Key to HW4: Simulation
We can of course only talk about these things in generalities, since
every body was working with different data, and different models.
Here are the key points that should be noticed.
Problem 1) Lioness data:
We know that the true model is quadratic. That is how we specified
it. When we examine the residuals of the linear model we should see
fairly clearly that the linear model systematically overpredicts the
range of young lionesses, underpredicts the range of middle aged
lionesses, and again overpredicts the territorial range of older
lionesses. This trend in the residuals looks like an x-squared term.
When we put the x-squared term into the model the trend in the
residuals goes away.
Note that with increasing sample size the standard error of the
estimate (the root mean square error) which is an estimate of the true
error standard deviation does not change very much, but the standard
errors for all the parameters will decrease while the test statistics
increase and become more significant.
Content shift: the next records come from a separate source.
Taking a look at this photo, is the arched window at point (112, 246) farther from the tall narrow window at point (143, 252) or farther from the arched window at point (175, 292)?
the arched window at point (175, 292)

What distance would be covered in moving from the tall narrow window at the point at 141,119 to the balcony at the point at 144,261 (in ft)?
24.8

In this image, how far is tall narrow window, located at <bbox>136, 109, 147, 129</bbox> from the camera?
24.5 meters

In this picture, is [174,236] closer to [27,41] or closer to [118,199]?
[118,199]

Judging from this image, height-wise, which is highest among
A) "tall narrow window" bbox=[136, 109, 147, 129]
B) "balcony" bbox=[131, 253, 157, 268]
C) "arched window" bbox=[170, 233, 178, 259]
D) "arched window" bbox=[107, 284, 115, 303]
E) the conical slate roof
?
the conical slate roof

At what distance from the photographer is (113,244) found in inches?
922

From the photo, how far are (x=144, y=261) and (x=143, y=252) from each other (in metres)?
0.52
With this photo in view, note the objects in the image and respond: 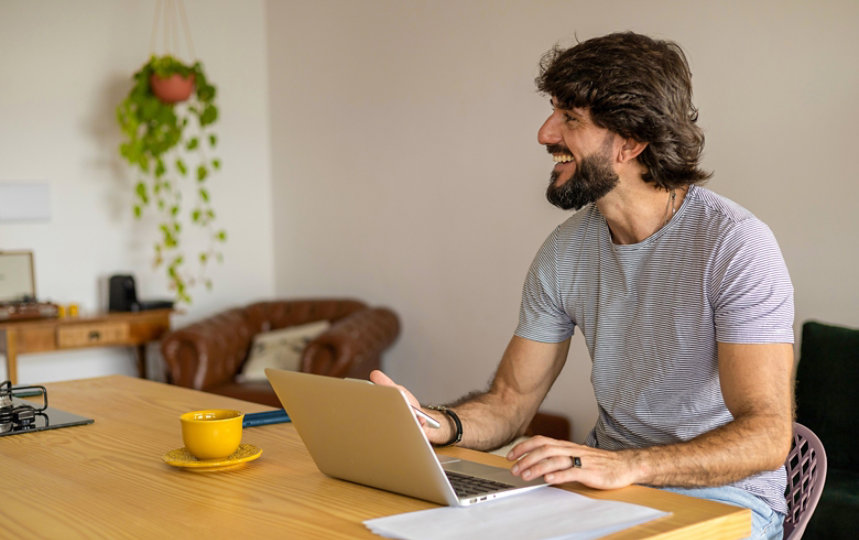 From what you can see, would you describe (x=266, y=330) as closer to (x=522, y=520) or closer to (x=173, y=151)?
(x=173, y=151)

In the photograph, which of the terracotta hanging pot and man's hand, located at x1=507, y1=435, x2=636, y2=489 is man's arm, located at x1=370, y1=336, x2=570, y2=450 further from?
the terracotta hanging pot

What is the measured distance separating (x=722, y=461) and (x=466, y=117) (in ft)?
10.3

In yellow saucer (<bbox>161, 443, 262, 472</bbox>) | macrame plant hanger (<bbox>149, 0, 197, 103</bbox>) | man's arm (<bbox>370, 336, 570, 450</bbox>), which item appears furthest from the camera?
macrame plant hanger (<bbox>149, 0, 197, 103</bbox>)

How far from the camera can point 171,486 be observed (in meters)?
1.36

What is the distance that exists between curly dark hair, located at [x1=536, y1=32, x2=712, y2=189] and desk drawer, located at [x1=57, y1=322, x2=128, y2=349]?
340 centimetres

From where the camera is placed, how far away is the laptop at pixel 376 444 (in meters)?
1.21

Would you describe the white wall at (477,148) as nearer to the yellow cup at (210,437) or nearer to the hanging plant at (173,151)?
the hanging plant at (173,151)

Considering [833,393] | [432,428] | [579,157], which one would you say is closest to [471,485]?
[432,428]

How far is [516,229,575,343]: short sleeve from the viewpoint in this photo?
6.53 feet

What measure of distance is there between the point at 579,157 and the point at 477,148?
2506mm

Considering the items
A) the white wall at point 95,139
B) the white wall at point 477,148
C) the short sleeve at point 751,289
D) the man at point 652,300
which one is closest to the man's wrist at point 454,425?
the man at point 652,300

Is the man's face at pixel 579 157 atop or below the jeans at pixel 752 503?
atop

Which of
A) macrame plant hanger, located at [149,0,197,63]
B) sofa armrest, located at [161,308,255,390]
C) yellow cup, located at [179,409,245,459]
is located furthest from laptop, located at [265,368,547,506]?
macrame plant hanger, located at [149,0,197,63]

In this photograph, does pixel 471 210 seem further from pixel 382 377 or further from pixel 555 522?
pixel 555 522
Increasing the sample size
makes it easier to distinguish the signal (the true relationship) from
the noise.
Increasing the amount of noise added to the deterministic portion of
the model will change the root mean square error which estimates that
noise standard deviation, and will also increase the uncertainty about
our parameters. Our confidence intervals for the parameters and for
predictions will be wider. With more noise in the data it is more
difficult to see the signal.
Problem 2) Your own dataset:
When you know the model it is interesting to experiment by adding
bogus predictors, and seeing if you can tell if they are bogus. When
you add a bogus predictor the augmented model will explain at least as
much of the unexplained variance in your response as the true model,
but a trade off is that you lose degrees of freedom, and statistical
power. Another trade off is that predictors that don't belong in your
model will tend to make the model predictions overconfident. This is
called overfitting.
Most of the time your hypothesis tests on the true slope of the bogus
predictor will not lead to rejection of the hypothesis that the bogus
variable has no linear effect on the response, but it will happen that
a variable that doesn't belong in the model might test as a
significant predictor. Conversely, sometimes a variable that you know
belongs in your model will test as insignificant. Your significance
level and the amount of statistical power you have will tell you how
often these things happen.
Problem 3) Multicollinearity:
Generating your own x values as a linear function of each other (with
some noise) guarantees that your predictors will be collinear. If x2
is a linear function of x1 plus a small amount of noise then x1 and x2
will be highly collinear, and the estimated plane will teeter about
this ridge. This will be evidenced by a significant whole model
F-test and insignificant individual t-tests. The Variance Inflation
Factors will be large too.
When you increase the amount of noise between the predictors the
multicollinearity lessens, but it won't entirely go away. If you also
experimented with multicollinearity and large sample sizes then you
could have noticed that the effect of variance inflation due to the
multicollinearity is counteracted by the large sample size. If you
also used just one of the xi's to predict y then, you may have noticed
that the slopes can change quite radically. This is due to the fact
that both variables are giving much the same information, and in the
model in which they both appear they share the burden of predicting
the response, but when they appear individually they have to do double
duty.
General comment about statistical power:
One overall thing to note is that sample size is power - power to
reject false null hypothesis - power to extract the signal from the
noise - power to see through the errors into the nature of the
relationships between your variables. A very important question is
how much data do you need to be able to see the effects that you
expect? Such questions can get very difficult with even only
moderately complex models. Simulation is a beautiful tool to explore
the question of sufficient sample size.